Please write out exactly the line containing "Structure of AMPA" below and every line after it, through the last one, but leave out any pictures.

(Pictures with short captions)
━━━━━━━━━━━━━━━━━━━━━━━━━━━━━━
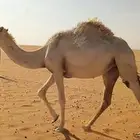 حقه وضحاه باتاليه البيع
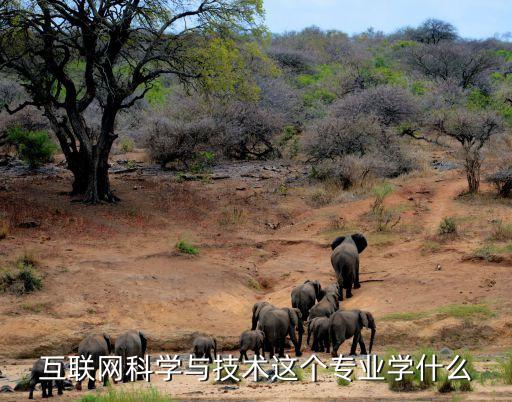 互聯(lián)網(wǎng)科技專業(yè)，互聯(lián)網(wǎng)有哪些專業(yè)比較熱門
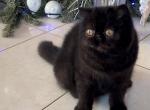 Agate - Exotic Cat For Sale - Pembroke Pines&comma; FL&comma; US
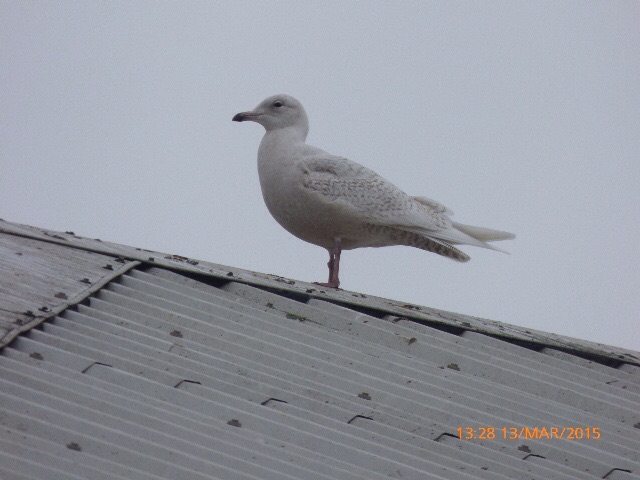 Iceland Gull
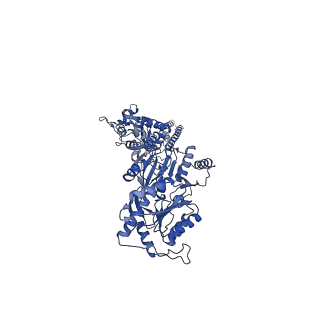 40747_8ss8_B_v1-2
Structure of AMPA receptor GluA2 complex with auxiliary subunit TARP gamma-5 bound to competitive antagonist ZK and antiepileptic drug perampanel (closed state)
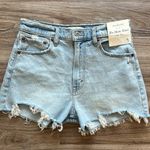 Abercrombie & Fitch The Mom High Rise Denim Shorts Photo 3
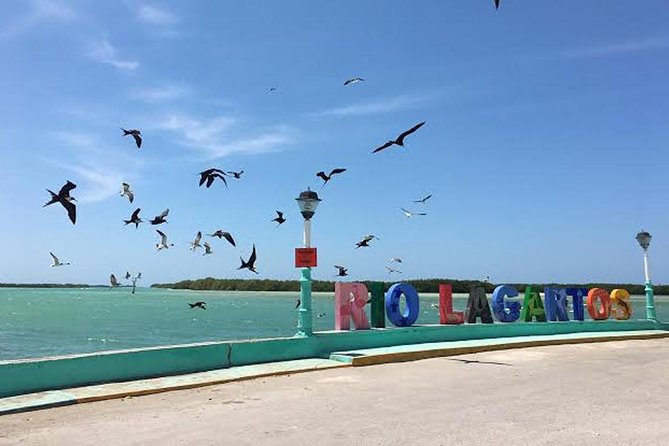 Adventour Day: Coloradas and Rio Lagartos Excursion from Cancun! - Who should book this Las Coloradas and Rio Lagartos day trip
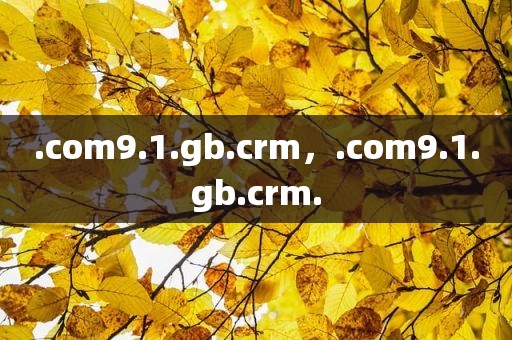 .com9.1.gb.crm，.com9.1.gb.crm.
━━━━━━━━━━━━━━━━━━━━━━━━━━━━━━
**Task result**:
Structure of AMPA receptor GluA2 complex with auxiliary subunit TARP gamma-5 bound to competitive antagonist ZK and antiepileptic drug perampanel (closed state)
 Abercrombie & Fitch The Mom High Rise Denim Shorts Photo 3
 Adventour Day: Coloradas and Rio Lagartos Excursion from Cancun! - Who should book this Las Coloradas and Rio Lagartos day trip
 .com9.1.gb.crm，.com9.1.gb.crm.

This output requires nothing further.